Al Teatro Massimo va in scena l’Attila di Verdi

Dopo la prova generale il cui ricavato è stato devoluto in beneficenza alla Missione Speranza e Carità di Biagio Conte, con la prima del 19 febbraio è iniziato il ciclo di rappresentazioni dell’Attila di Verdi. Lo spettacolo continuerà ad andare in scena il 20, il 21, il 24 e il 26 febbraio.

L’opera verdiana manca dalle scene palermitane dal 1975 ed è interpretata da un cast straordinario. Ciascuno dei cantanti ha coinvolto con la potenza e l’abilità della propria voce il pubblico che non è stato avaro di applausi, al punto di interrompere numerose volte lo spettacolo.

Nei panni di Attila nel primo cast Erwin Schrott basso-baritono uruguaiano dal successo planetario. Svetla Vassileva è la protagonista femminile, Odobella. Fabio Sartori è Foresto lo sposo di Odobella e la guida dei profughi veneti. L’ambasciatore romano Ezio è stato interpretato da Simone Piazzola. Mentre Uldino, lo schiavo di Attila è Antonello Ceron. Infine al vescovo Leone ha dato voce e sembianze Antonio Di Matteo.

Il regista è Daniele Abbado, il direttore dell’orchestra è Daniel Oren.

L’allestimento è stato realizzato dal Teatro Massimo in coproduzione con il Teatro Comunale di Bologna e con il Teatro La Fenice di Venezia.

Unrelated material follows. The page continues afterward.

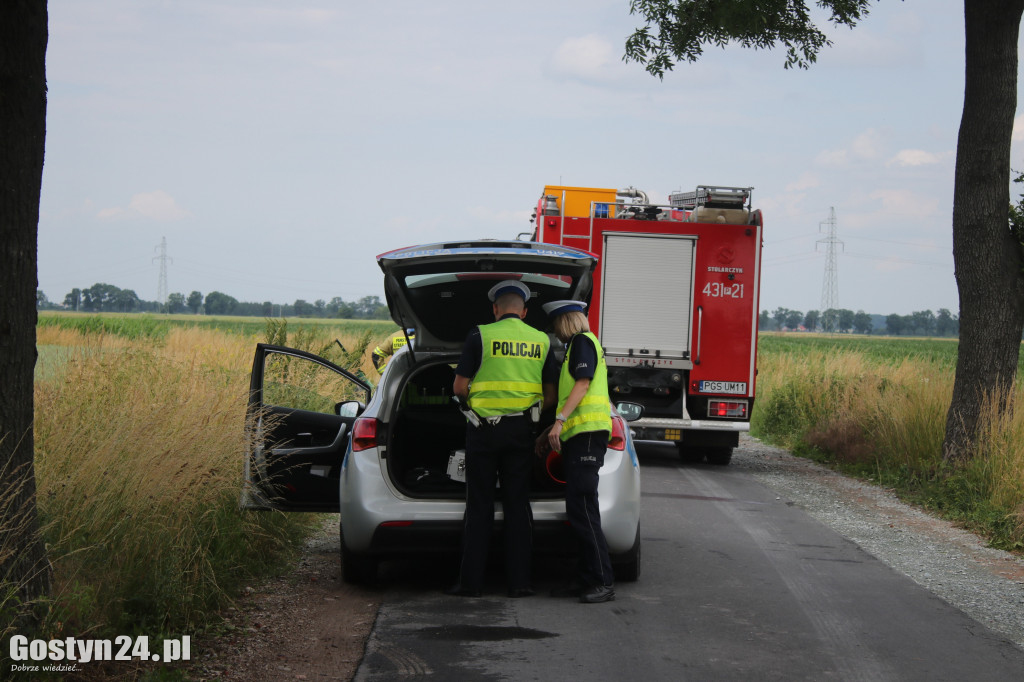 Auto wjechało do rowu w okolicach Taniecznicy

Rispetto all’opera dai tratti semplici, dal punto di vista della trama si coglie lo sforzo di sviluppare visivamente la profondità dei temi e l’introspezione psicologica nel rispetto dell’invalicabile dato testuale e scenico.

Uno sforzo di tutti gli interpreti che si è espresso anche nel suggestivo uso delle luci e nell’uso dei costumi che hanno reso più astratta la percezione della storia. Particolarmente espressivo in tal senso è stato l’uso dei colori e della contrapposizione tra chiari e scuri.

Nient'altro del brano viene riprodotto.